Mady Mesplés Karriere war wohl stark auf Frankreich bezogen, verlief aber international: Sie trat an den bedeutenden Bühnen Italiens und der USA auf, sang an der Bayerischen Staatsoper München und gastierte sogar am Moskauer Bolschoi Theater. Zu ihrem klassischen Repertoire gehörten die Gilda, die Titelrolle in Gounods „Mireille“ und seine Juliette, die Philine in Ambroise Thomas’ „Mignon“ und die Ophélie in dessen „Hamlet“, darüber hinaus die Königin der Nacht und natürlich die wie nach ihr benannten Mademoiselle Silberklang im „Schauspieldirektor“ , die Titelrolle in Donizettis „Lucia di Lammermoor“, Rossinis Rosina , die Sophie in Richard Strauss’ „Rosenkavalier“ und die Zerbinetta.

Mady Mesplé verfügte über einen tänzelnden, sehr hellen Koloratursopran von außerordentlicher Beweglichkeit. Aufgrund ihrer Fähigkeit, auch schwierige Intervalle sauber zu intonieren, wählte Pierre Boulez sie für seine ersten Aufführungen von Arnold Schönbergs „Jakobsleiter“ aus. Während viele Vertreterinnen des Koloraturfachs vor allem die Virtuosität kultivieren, war Mady Mesplé eine Interpretin der feinen Zwischentöne. Sie spürte den Emotionen der von ihr verkörperten Figuren nach und stattete sie mit einem eigenen Charakter aus, der weit über das Rein-Musikalische hinausging. Mady Mesplés Stimme mochte in der Klangvielfalt etwas eingeschränkt sein, aber ihre subtile Schattierung, beispielhafte Aussprache und Reaktionsfähigkeit auf verbale Nuancen, Flexibilität und Reinheit der Intonation waren hervorragend.

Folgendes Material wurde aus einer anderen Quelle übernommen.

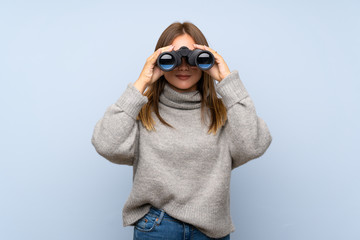 Teenager girl with sweater over isolated blue background with black binoculars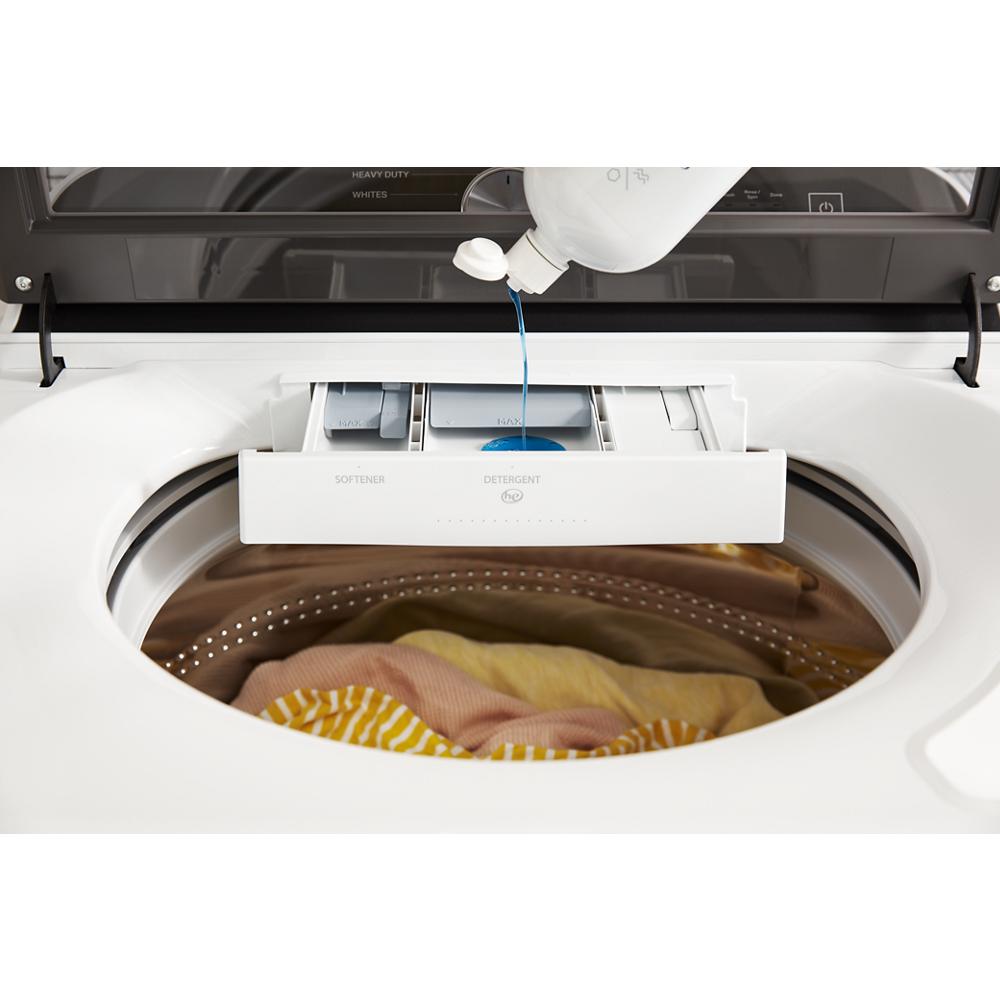 Top-loading washing machine with detergent dispenser being filled and colorful clothes inside drum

1985 gab sie ihren Bühnenabschied. Mitte der Neunzigerjahre wurde bei Mady Mesplé Parkinson diagnostiziert. Sie begann eine Zusammenarbeit mit der „Association France Parkinson“ und schrieb in ihrer Autobiografie „La voix du corp“ auch ausführlich über den Verlauf ihrer Erkrankung. In Erinnerung wird sie mit ihren vielen Aufnahmen bleiben, die schon lange vor den Bemühungen der Stiftung Palazzetto Bru Zane, das französische Opern- Operetten und Liederbe des 19. Jahrhunderts hinreißend zum Strahlen brachten.